Your instructions
Reproduce exactly, and only, the lines of the material below running from the line bearing "冬奥会精彩回顾!冰墩墩、谷爱凌、苏翊鸣等顶流令人难忘" through the line bearing "Sujetador de mujer Nike Zenvy image-3". Leave any pictures out.

Extracted information
****

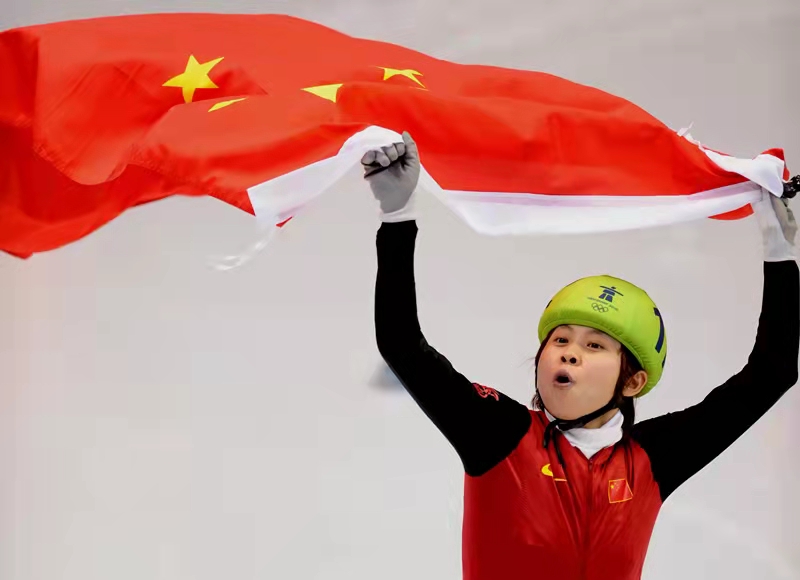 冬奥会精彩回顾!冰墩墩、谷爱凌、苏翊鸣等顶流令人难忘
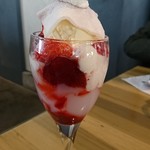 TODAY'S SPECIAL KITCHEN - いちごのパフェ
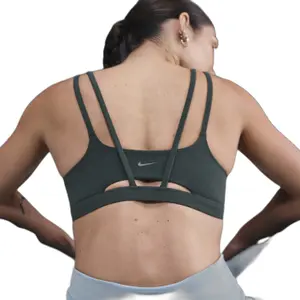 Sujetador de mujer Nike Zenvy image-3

****

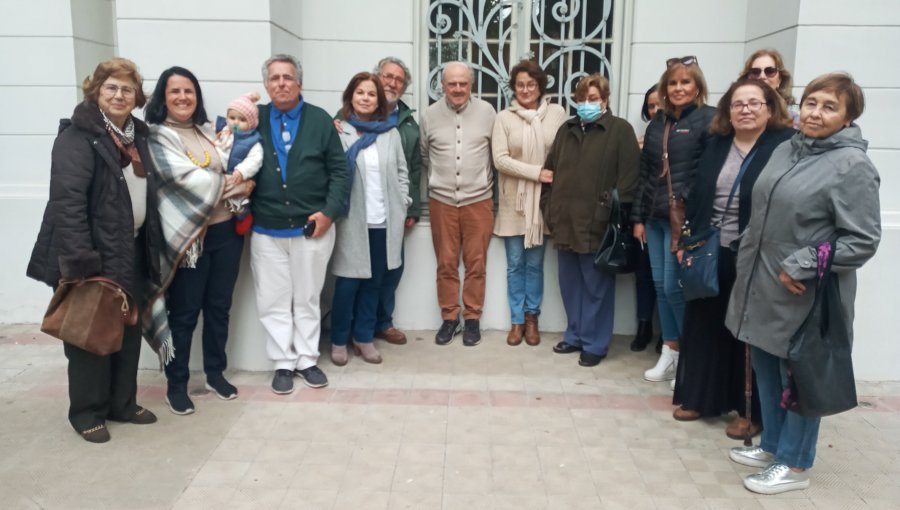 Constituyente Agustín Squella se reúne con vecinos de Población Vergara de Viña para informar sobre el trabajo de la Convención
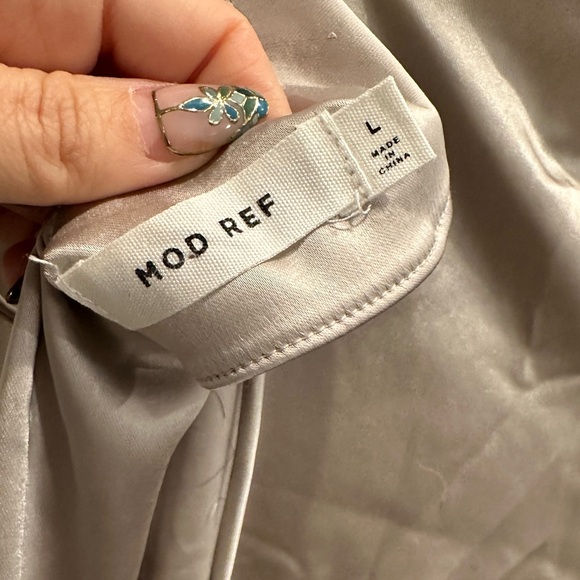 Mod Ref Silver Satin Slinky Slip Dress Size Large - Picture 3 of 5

****

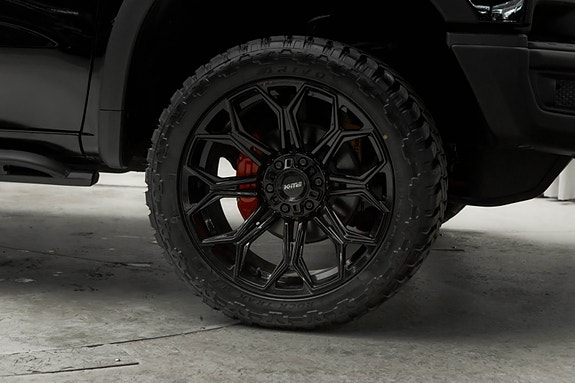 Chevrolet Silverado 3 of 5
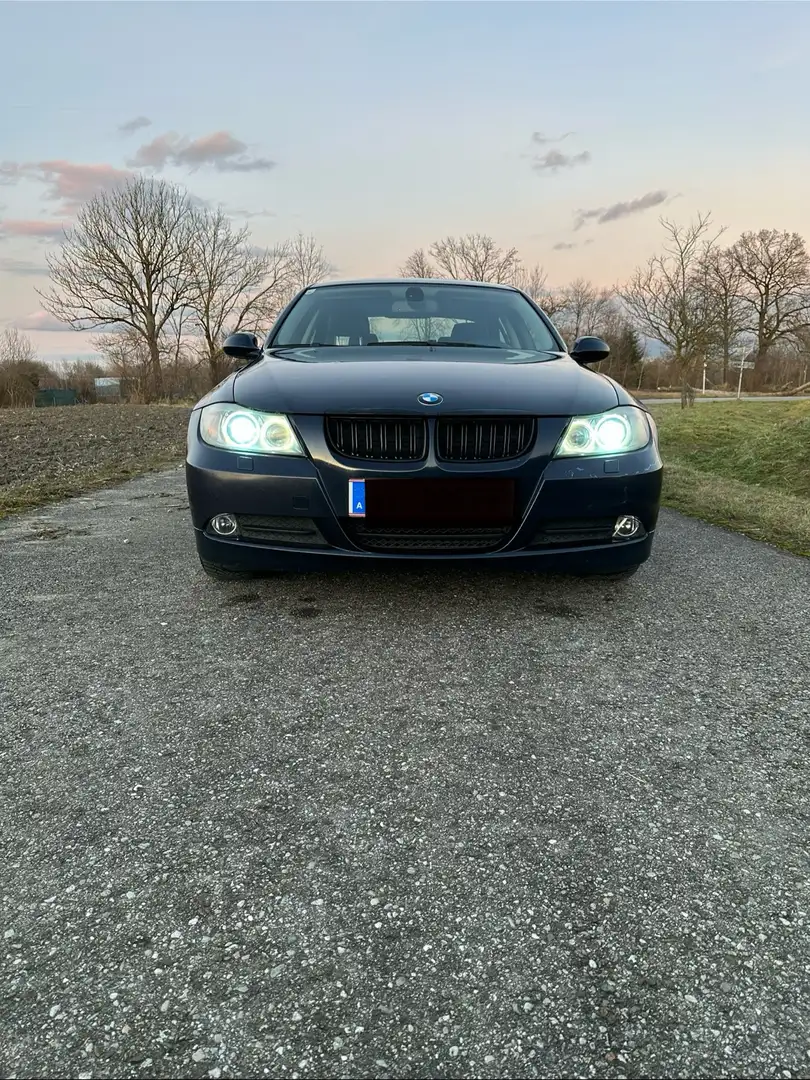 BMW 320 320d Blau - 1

****

Expected answer
 冬奥会精彩回顾!冰墩墩、谷爱凌、苏翊鸣等顶流令人难忘
 TODAY'S SPECIAL KITCHEN - いちごのパフェ
 Sujetador de mujer Nike Zenvy image-3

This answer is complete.